Jeso Carneiro

Ouro coloca Itaituba no 5º lugar da produção mineral do Pará no ano

Ouro coloca Itaituba no 5º lugar da produção mineral do Pará no ano, ouro em itaituba

Nos primeiros 2 meses de 2018, o Pará movimentou R$ 6,1 bilhões em riquezas minerais, por meio de indústrias extrativas que operaram em 47 municípios com mineração ativa. Os dados foram levantados pela Assopem (Associação Paraense de Engenheiros de Minas), junto à Agência Nacional de Mineração (ANM).

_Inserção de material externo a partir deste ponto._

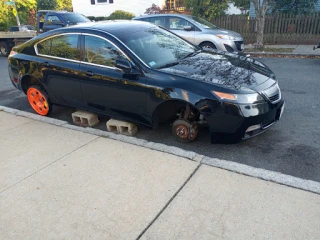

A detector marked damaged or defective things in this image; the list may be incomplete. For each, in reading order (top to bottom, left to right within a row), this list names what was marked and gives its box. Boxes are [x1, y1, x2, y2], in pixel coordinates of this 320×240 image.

3 municípios do complexo minerador de Carajás dominam a indústria mineral paraense:

— Parauapebas, maior produtor nacional de minério de ferro, com participação de 46,7%;

— Marabá, maior produtor nacional de cobre, com contribuição de 19,4%; e

— Canaã dos Carajás, 2º maior produtor de cobre e, futuramente, 2º maior produtor de ferro, com presença de 14,5% no peso do estado.

Todos eles têm em comum o fato de estarem sob a batuta da mineradora multinacional Vale. Juntos, respondem por 80% das operações minerais do Pará, o que, em números absolutos, totaliza R$ 4,92 bilhões em janeiro e fevereiro — o equivalente a 25% da receita do ano inteiro do Governo do Pará.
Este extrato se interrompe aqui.